Exercise details ->
Leave out the pictures and repeat exactly the lines from the one containing "Tenter Ltd. production plant" through the final line of the listing below.

Dataset content ->
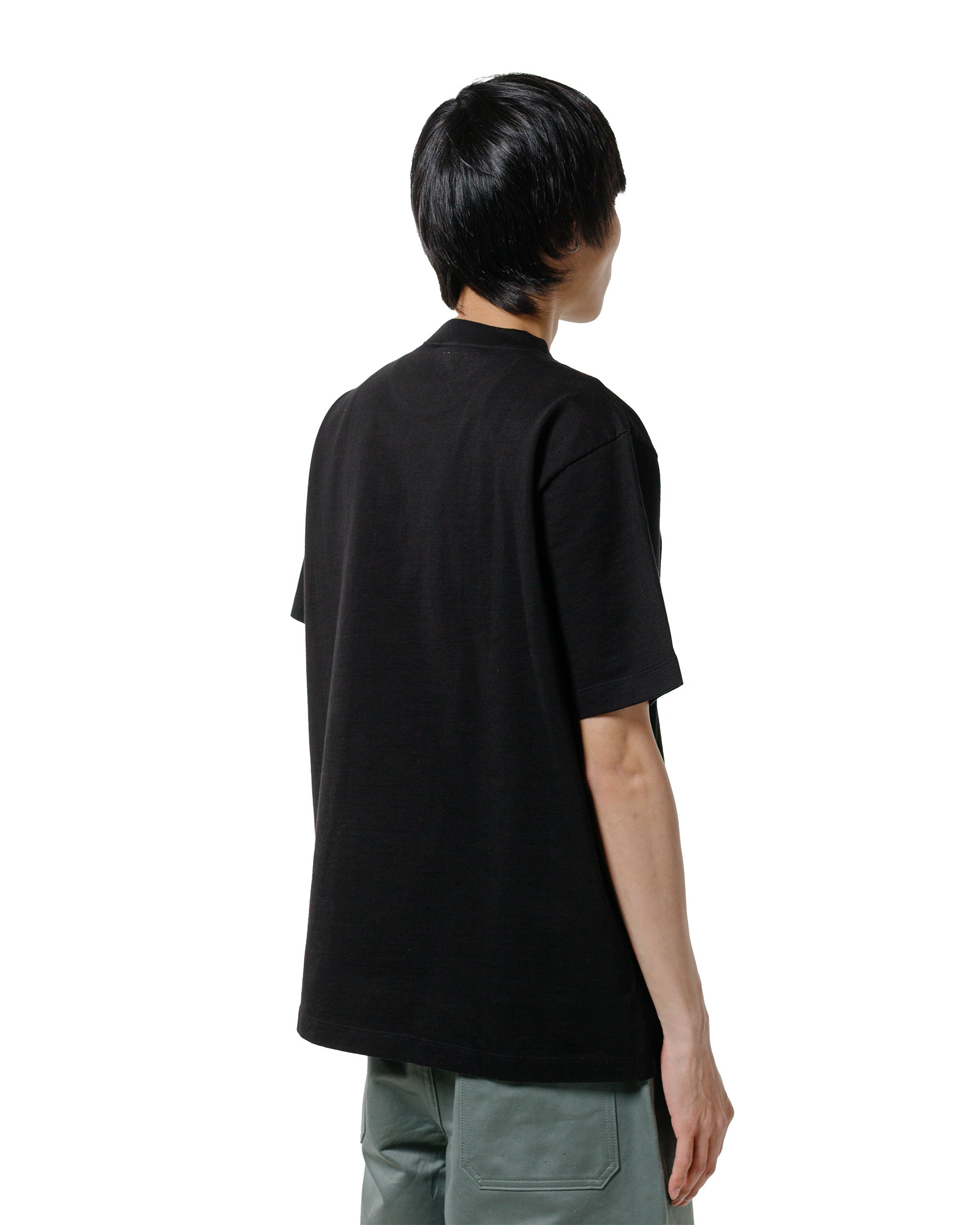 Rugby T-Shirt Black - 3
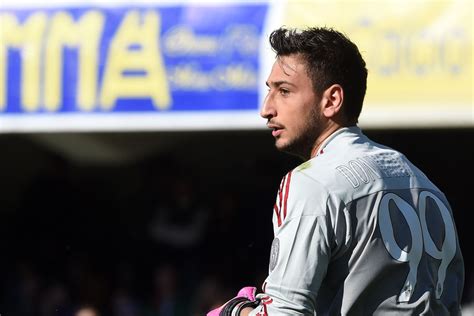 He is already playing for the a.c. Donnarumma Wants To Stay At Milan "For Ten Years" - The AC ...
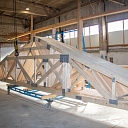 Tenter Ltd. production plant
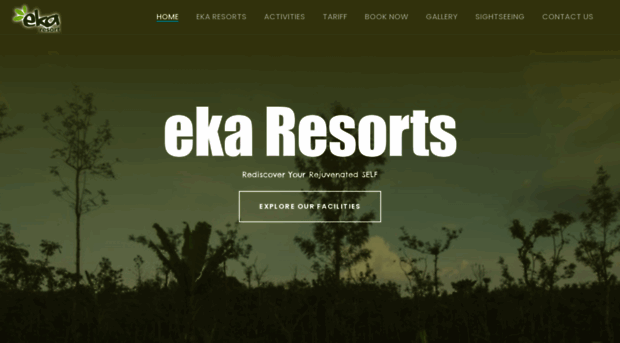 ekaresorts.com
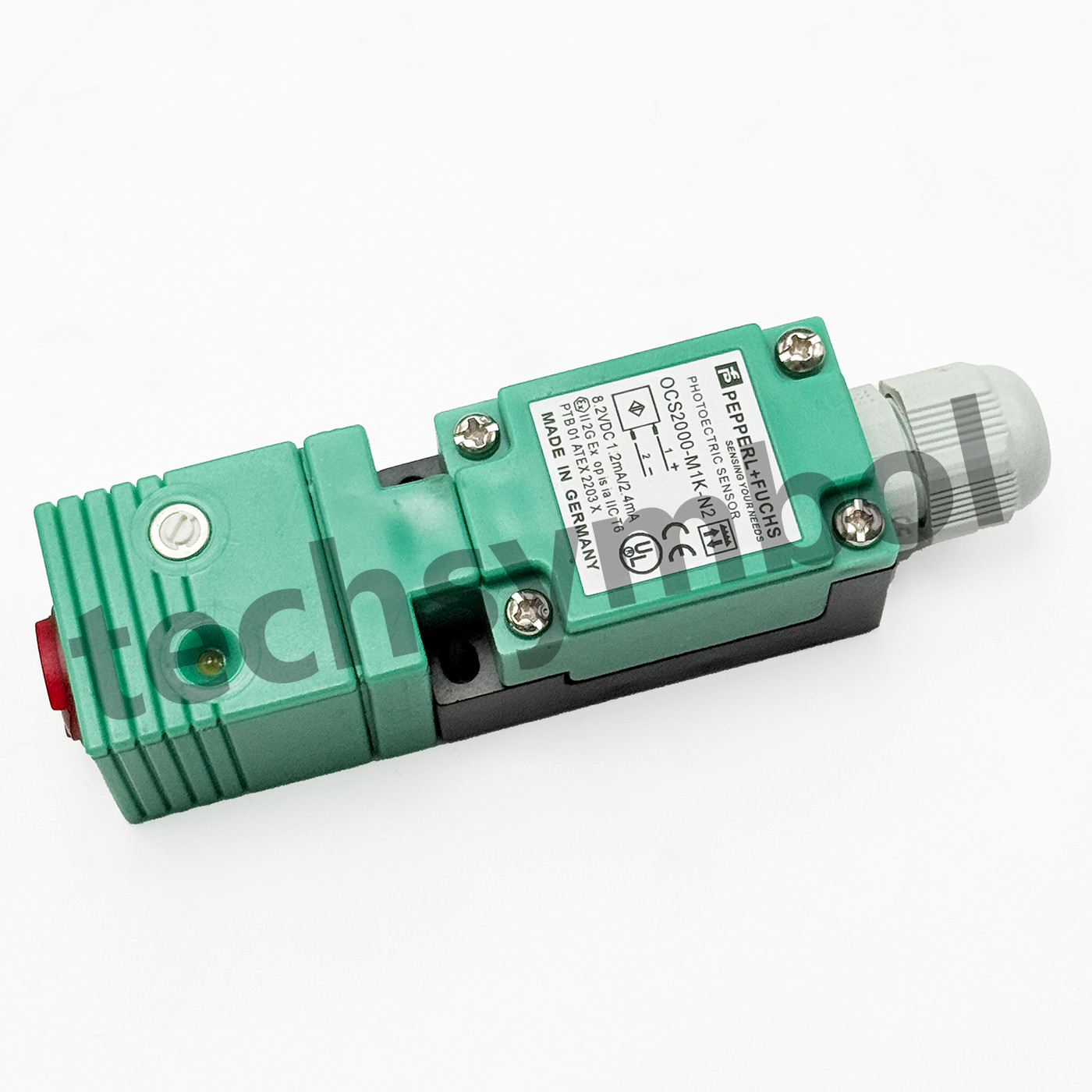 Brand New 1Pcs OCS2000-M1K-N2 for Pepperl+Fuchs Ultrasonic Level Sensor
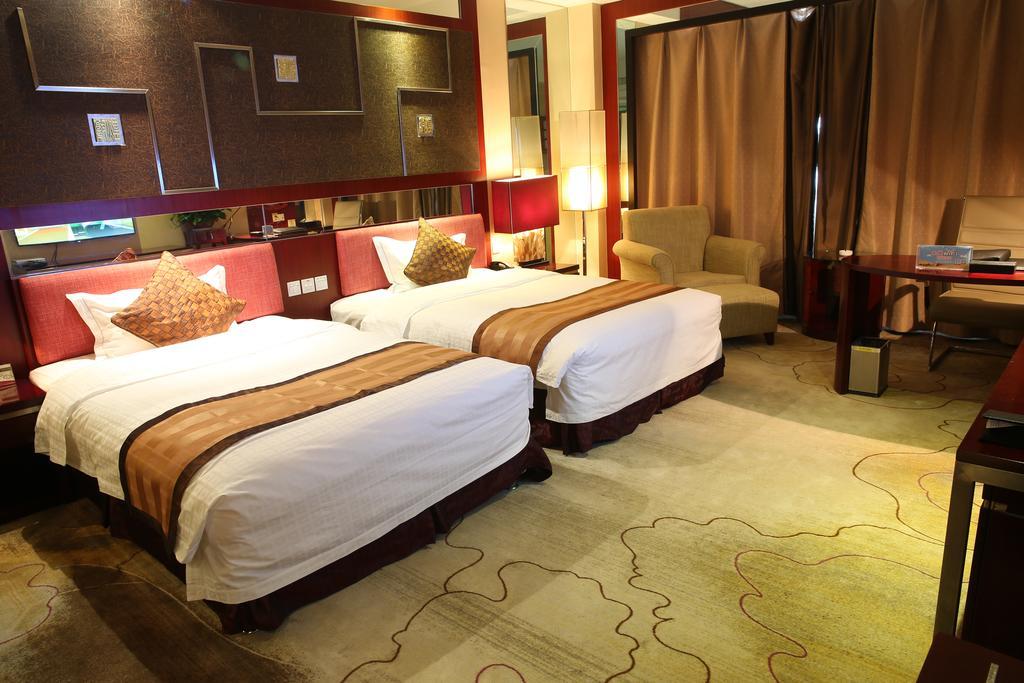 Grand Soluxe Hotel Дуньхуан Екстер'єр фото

Result of the exercise ->
 Tenter Ltd. production plant
 ekaresorts.com
 Brand New 1Pcs OCS2000-M1K-N2 for Pepperl+Fuchs Ultrasonic Level Sensor
 Grand Soluxe Hotel Дуньхуан Екстер'єр фото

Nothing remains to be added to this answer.